EEE 541 – Fall 2006 ELECTROMAGNETIC

FIELDS &GUIDED WAVES

Web URL:

Class Meetings:

MW 9:15-10:30 AM

SCOB 105

Instructor:

George Pan, Ph.D.

Telephone: (480) 965-1732

Office: GWC-318

E-mail:

Office Hours:

MW 2:30 - 3:30 PM

TTH 11:00 - 12:00 Noon

or by appointment

Catalog Description:

Polarization and magnetization; dielectric, conducting, anisotropic,

and semi-conducting media; duality, uniqueness and image theory;

plane wave functions, waveguides, resonators, and surface guided waves.

Prerequisites:

EEE 341 or equivalent

Textbook:

C. Balanis, Advanced Engineering Electromagnetics, John Wiley, 1989.

References:

1. D. K. Cheng, Field and Wave Electromagnetics, AddisonWesley, 1989.

2. S. Ramo, J. Whinnery and T. Van Duzer, Fields and Waves in

Communication Electronics, John Wiley, 1965.

3. J. A. Kong, Electromagnetic Wave Theory, John Wiley, 1990.

4. W. C. Chew, Waves and Fields in Inhomogeneous Media, IEEE Press 2002.

EEE 541 Course Competency Areas:

  1. Fundamental Concepts
  2. Maxwell’s Equations
  3. Constitution Parameters and Relations
  4. Circuit-Field Relations
  5. Boundary Conditions
  6. Power and Energy
  7. Time-Harmonic EM Fields
  8. Electrical Properties of Matter
  1. Dielectrics, Polarization, and Permittivity
  2. Magnetics, Magnetization, and Permeability
  3. Current, Conductors, and Conductivity
  4. Semiconductors
  5. Superconductors
  6. A.C. Variations in Materials
  1. Wave Equation and Its Solution
  2. Wave Equation
  3. Solution of Wave Equation
  4. Rectangular
  5. Cylindrical
  6. Spherical
  7. Wave Propagation and Polarization
  8. Transverse Electro-Magnetic Modes (TEM)
  9. Polarization
  10. Reflection and transmission
  11. Normal Incidence
  12. Oblique incidence
  13. Polarization Characteristics on Reflection
  14. Auxiliary Vector Potentials and Construction of Solutions
  15. Vector Potentials A and F
  16. Construction of Solutions
  17. Transverse Electro-Magnetic (TEM)
  18. Transverse Magnetic (TM)
  19. Transverse Electric (TE)
  20. Electromagnetic Theorems and Principles
  21. Duality
  22. Uniqueness
  23. Image
  24. Reciprocity and Reaction
  25. Volume and Surface Equivalences
  26. Induction and Physical Equivalents
  27. Rectangular Waveguides and Cavities
  28. Rectangular Waveguide
  29. Rectangular Cavity
  30. Hybrid (LSE and LSM) Modes
  31. Partially Filled Waveguide
  32. Transverse Resonance Method
  33. Dielectric Waveguide
  34. Stripline and Microstrip
  35. Ridged Waveguide

Grading:

Your grade for this class is based on:

  • Midterms (3)45%
  • Final Exam35%
  • Homework20%

Miscellaneous:

1. All homework assignments must be turned in on the due date by 6:00 pm.
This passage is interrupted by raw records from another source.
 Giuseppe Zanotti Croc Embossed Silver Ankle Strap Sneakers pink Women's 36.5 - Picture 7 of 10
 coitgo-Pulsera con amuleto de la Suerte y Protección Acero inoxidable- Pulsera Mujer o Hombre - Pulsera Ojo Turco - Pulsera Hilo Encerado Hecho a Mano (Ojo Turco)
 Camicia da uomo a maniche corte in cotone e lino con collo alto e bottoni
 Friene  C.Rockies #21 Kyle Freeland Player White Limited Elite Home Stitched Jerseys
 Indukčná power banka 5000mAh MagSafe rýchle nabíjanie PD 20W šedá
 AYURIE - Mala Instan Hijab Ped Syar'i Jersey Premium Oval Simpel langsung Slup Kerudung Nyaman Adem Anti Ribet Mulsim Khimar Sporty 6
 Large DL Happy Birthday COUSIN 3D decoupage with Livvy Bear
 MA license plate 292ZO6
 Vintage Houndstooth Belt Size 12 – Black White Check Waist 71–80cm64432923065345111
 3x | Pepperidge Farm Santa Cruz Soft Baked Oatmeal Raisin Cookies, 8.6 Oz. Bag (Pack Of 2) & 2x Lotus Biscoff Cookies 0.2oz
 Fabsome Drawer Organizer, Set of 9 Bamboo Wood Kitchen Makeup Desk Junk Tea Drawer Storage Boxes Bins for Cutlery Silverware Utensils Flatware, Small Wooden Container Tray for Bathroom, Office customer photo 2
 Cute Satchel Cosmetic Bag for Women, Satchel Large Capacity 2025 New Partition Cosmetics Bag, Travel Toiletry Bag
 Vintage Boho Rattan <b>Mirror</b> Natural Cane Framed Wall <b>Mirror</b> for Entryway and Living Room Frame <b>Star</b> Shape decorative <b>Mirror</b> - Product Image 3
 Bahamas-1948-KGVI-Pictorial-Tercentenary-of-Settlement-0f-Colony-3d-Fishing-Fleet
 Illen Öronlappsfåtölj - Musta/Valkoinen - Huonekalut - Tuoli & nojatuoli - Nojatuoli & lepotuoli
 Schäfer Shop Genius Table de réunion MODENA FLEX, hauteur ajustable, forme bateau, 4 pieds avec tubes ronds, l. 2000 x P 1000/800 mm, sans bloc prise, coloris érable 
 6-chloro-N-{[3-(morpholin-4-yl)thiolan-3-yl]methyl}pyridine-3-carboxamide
Late homework is subject to 10% discount per day.

2. All exams are open-book/open-notes.

3. Students are encouraged to work together on in-class exercises, homework assignments and project. However, it is expected that each student will make a significant contribution to the group effort.

4. Academic integrity refers to each student's obligation to act with honesty and integrity and to respect the rights of others in carrying out all academic assignments. Violations of the University Academic integrity policy will not be ignored. Penalties include reduced or no credit for submitted work, a failing grade in the class, a note on your official transcript that shows you were punished for cheating, suspension, expulsion and revocation of already awarded degrees. The University requires that should I implement any penalty for violations of the academic integrity policy, I must report the matter to the Dean's office. The University has a Student Academic Integrity Policy, which will be followed in EEE 541.